A Walk or A Hike?

April 20, 2017
Mirror Lake
Roundtrip distance: 7.44 miles

What is the difference between hiking and walking?  Wikipedia says: Hiking is the preferred term for a long, vigorous walk, usually on trails, in the countryside; the word walking is used for shorter, particularly urban walks.

Creamy-blossomed dogwoods

One evening during a parish dinner, an acquaintance asked if I would like to go for a walk in Yosemite.  The dogwoods were flowering and it had been four months since my last visit to the park, so I said yes.  In my mind, walk meant hike, but I was unsure of Mary’s intention.


We made plans to meet early in the morning.  Mary suggested we head to Mirror Lake.  As we walked, I told her how I acquired the trail name of Scorpion and what it meant.  She told of how she belayed her husband when his cell phone dropped down a steep embankment.  I was impressed and figured that she was up for this hike.

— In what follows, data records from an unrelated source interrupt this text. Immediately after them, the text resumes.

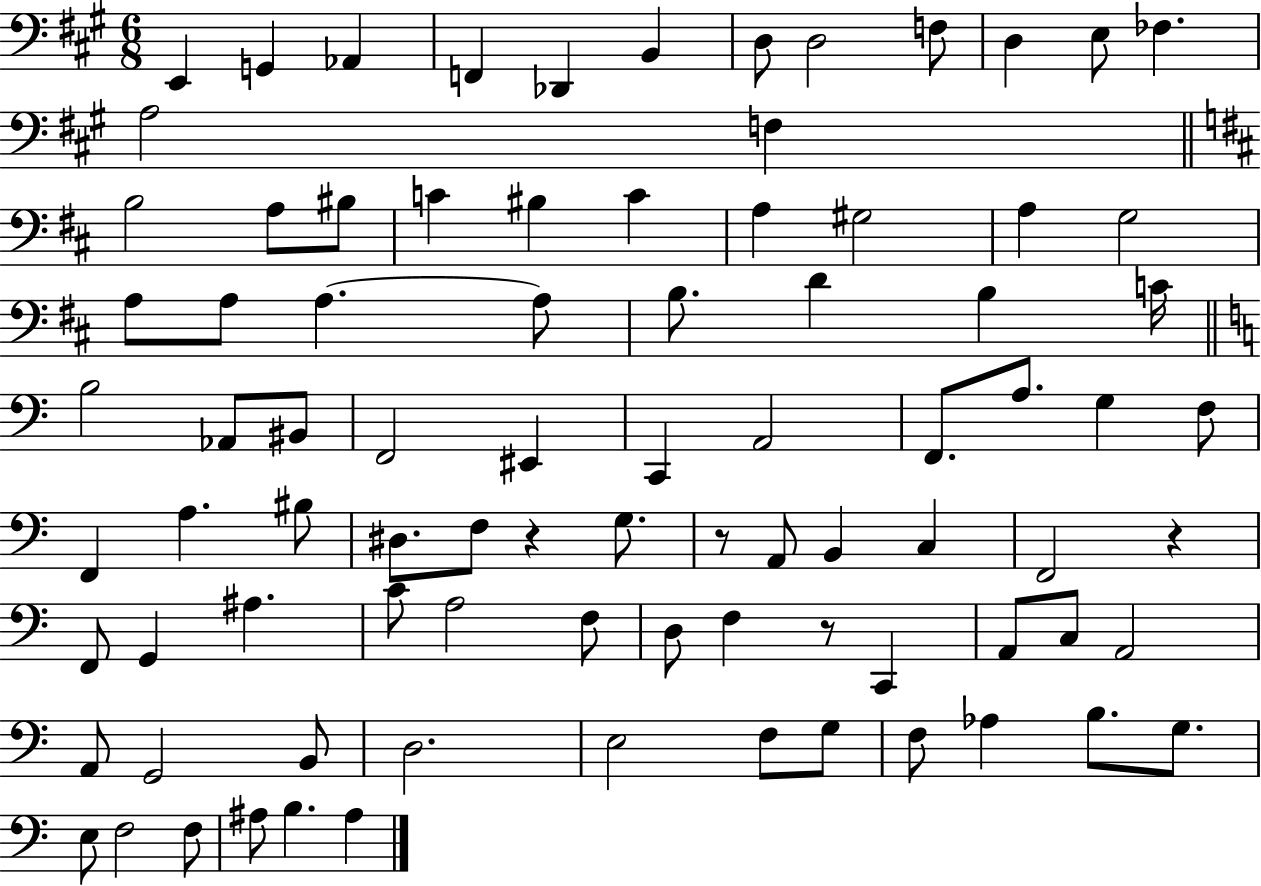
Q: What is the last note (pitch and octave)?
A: A#3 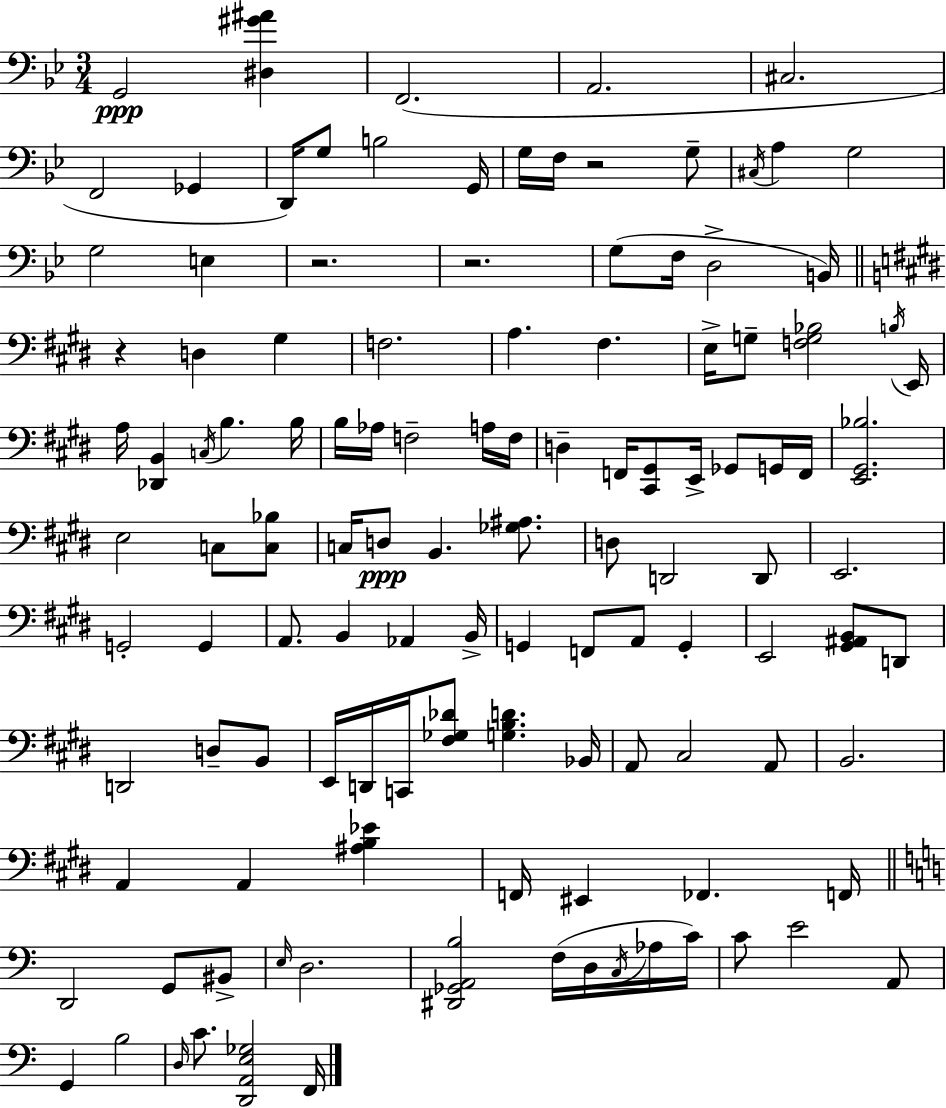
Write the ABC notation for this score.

X:1
T:Untitled
M:3/4
L:1/4
K:Gm
G,,2 [^D,^G^A] F,,2 A,,2 ^C,2 F,,2 _G,, D,,/4 G,/2 B,2 G,,/4 G,/4 F,/4 z2 G,/2 ^C,/4 A, G,2 G,2 E, z2 z2 G,/2 F,/4 D,2 B,,/4 z D, ^G, F,2 A, ^F, E,/4 G,/2 [F,G,_B,]2 B,/4 E,,/4 A,/4 [_D,,B,,] C,/4 B, B,/4 B,/4 _A,/4 F,2 A,/4 F,/4 D, F,,/4 [^C,,^G,,]/2 E,,/4 _G,,/2 G,,/4 F,,/4 [E,,^G,,_B,]2 E,2 C,/2 [C,_B,]/2 C,/4 D,/2 B,, [_G,^A,]/2 D,/2 D,,2 D,,/2 E,,2 G,,2 G,, A,,/2 B,, _A,, B,,/4 G,, F,,/2 A,,/2 G,, E,,2 [^G,,^A,,B,,]/2 D,,/2 D,,2 D,/2 B,,/2 E,,/4 D,,/4 C,,/4 [^F,_G,_D]/2 [G,B,D] _B,,/4 A,,/2 ^C,2 A,,/2 B,,2 A,, A,, [^A,B,_E] F,,/4 ^E,, _F,, F,,/4 D,,2 G,,/2 ^B,,/2 E,/4 D,2 [^D,,_G,,A,,B,]2 F,/4 D,/4 C,/4 _A,/4 C/4 C/2 E2 A,,/2 G,, B,2 D,/4 C/2 [D,,A,,E,_G,]2 F,,/4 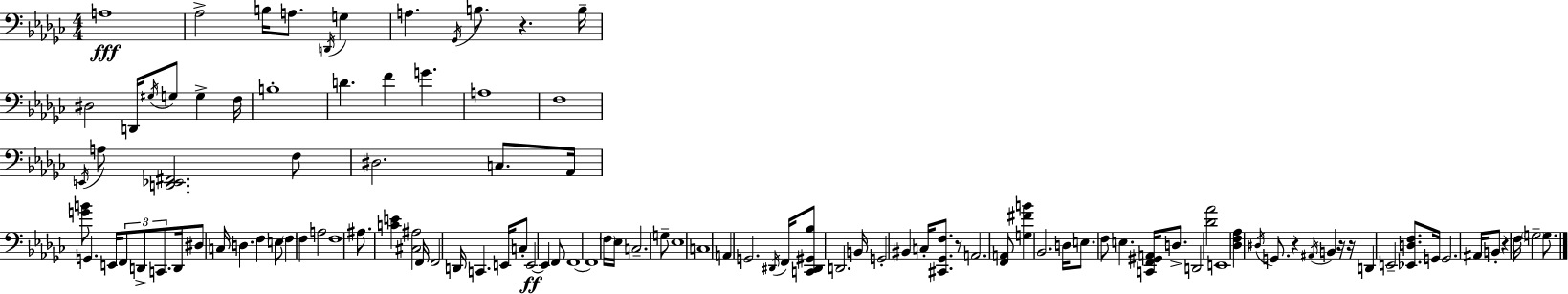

The path led through a boggy fen.  We were both excited to see a large American black bear a comfortable distance away.  We watched it feed before moving on.

Leaving the fen, we followed a paved road—open only to pedestrians, bicyclists, busses and vehicles with handicapped placards—an easy walk.  We talked so much that I was unaware we had been heading uphill with Tenaya Creek rushing downhill beside us.

Tenaya Creek

Stark white and buttery yellow dogwood flowers bloomed underneath a variety of taller trees.


The paved road ended at Mirror Lake which is where our walk should have ended.

Approaching Mirror Lake.

Instead we decided to hike the trail around the lake.  There were many blow downs scattered around the footpath.  NPS usually clears the way on high traffic trails, but had yet to do so.  We pulled ourselves up and over the downed logs.

Mirror Lake reflecting the rock.

At times the trail was a muddy mess.  Other sections were deep with water.  (Is this indicative of the trails this hiking season?)  To keep from getting wet, we teetered atop lily pad-like logs that bobbed up and down with each step we took.

Mt. Watkins

I put my camera away after banging it while climbing over a table-sized boulder.  We were dirty and sweaty—and I would not have changed a minute of the circuitous hike.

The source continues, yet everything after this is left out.